While the past few years have seen numerous reports of very high-profile ERP failures, this one may be more complicated and subtler – and more devastating as well as difficult to fix.
Most crucially, when a supply chain stretching from raw materials through to the consumer devouring Gummy Bears is interrupted, it affects cash flow, sales, profitability and even a company’s reputation. While Haribo is a large business and should be able to recover from the problems created by its faulty ERP software system, the company’s issues highlight the operational disruption that can occur when the installation is faulty.
Problems from the Get-Go
Whatever issues may have been the result of a faulty development and integration, they might have been exacerbated because Haribo took its ERP system live without doing pre-launch testing to ensure that it would work properly. It can be an early warning that the project is in trouble.
Effective piloting and in-house beta testing might have fended off some, if not all, of the later problems. In my work as an ERP software system deal negotiator and contract drafter, I always insert a clause that provides for testing of the system. It also requires the integrator to fix any problems uncovered before an ERP system is accepted by the user and launched.
In those rare situations where the pre-launch process does not reveal issues that need to be corrected, there is something seriously wrong with the testing regimen.
Aligning the Business Model
Frequently, ERP is designed to accommodate the existing business model and the company ordering it neglects to consider what the future may look like. In the case of Haribo, it planned to dramatically expand its business internationally which would affect its supply chain and manufacturing process as well as distribution, invoicing and collections.
Although we don’t yet know all of the details of Haribo’s dispute with SAP because a lawsuit has not been filed, it seems apparent that its SAP transformation may not have been properly aligned.
As noted ERP consultant Eric Kimberling observes, “Rather than paving the cow paths of how business was done in the past, (the ERP system) needs to enable your future business model.”
In many of the ERP software system disputes that I have litigated on behalf of clients, often the problems are a case study in not learning lessons from other’s mistakes.
In the Haribo matter, it seems that the company’s top management failed to focus sufficient attention on their business processes – now and in the future – or they didn’t grasp which processes were needed during the transformation.

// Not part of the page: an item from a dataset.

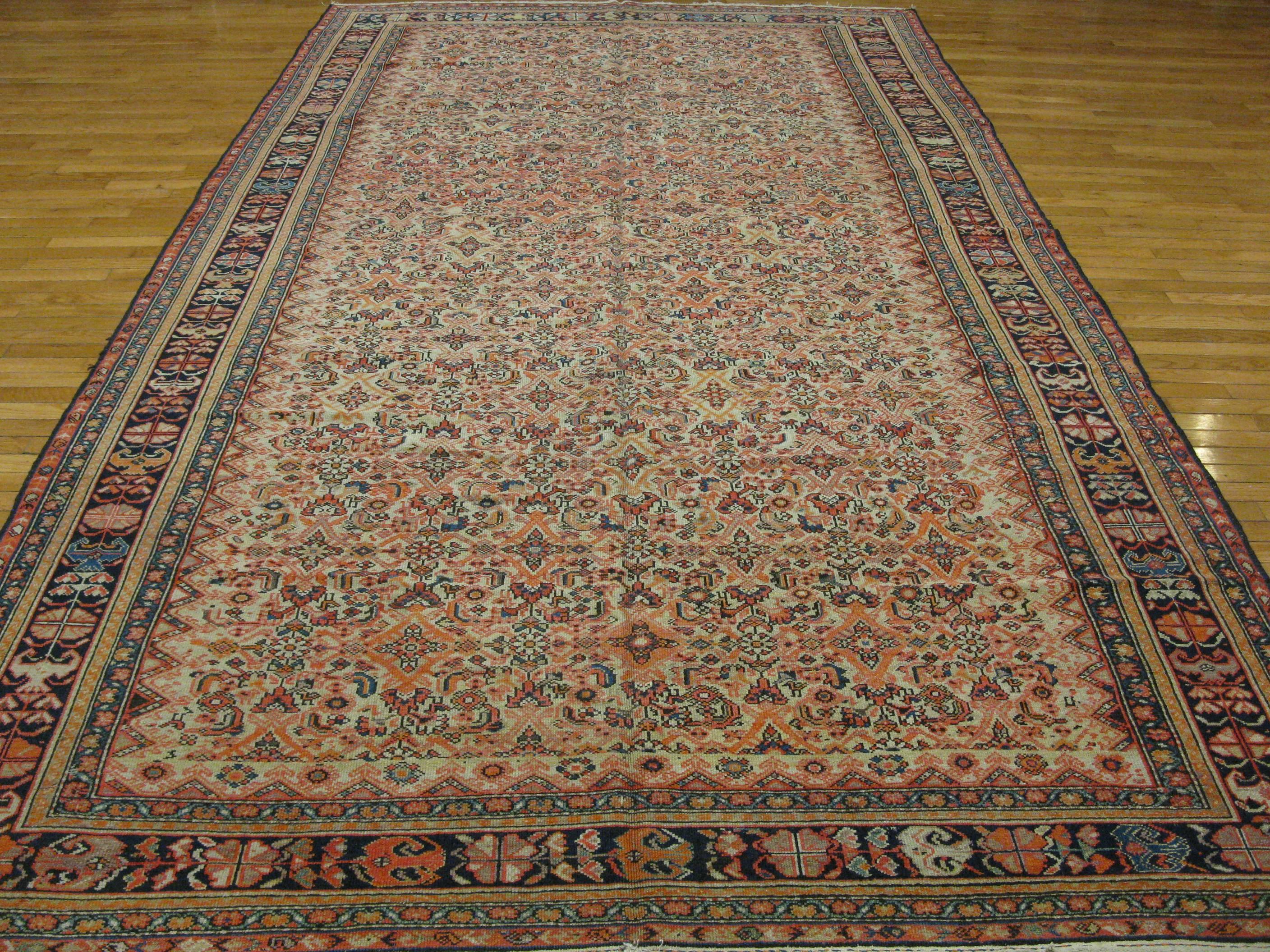 This beautiful hand-knotted gallery size rug was made in the village of Malayer in Iran (Persian). The rug has an all-over Herati pattern made with wool dyed with natural colors on a cotton foundation. It measures 7' x 13' 2''.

Moreover, it’s not enough for senior leaders to simply sign off on a plan; they need to be actively involved during development and integration to ensure the success of the project. No integrator has the ultimate responsibility for this even though they do have an obligation to proactively alert the user where issues appear to be emerging.
It is imperative for the C-suite to take ownership of ERP projects. As the lawyer negotiating and drafting the contract, I can only create provisions to protect the business; it’s up to the people in corner offices to pay close enough attention so they can intervene before a small issue bubbles up into a major lawsuit.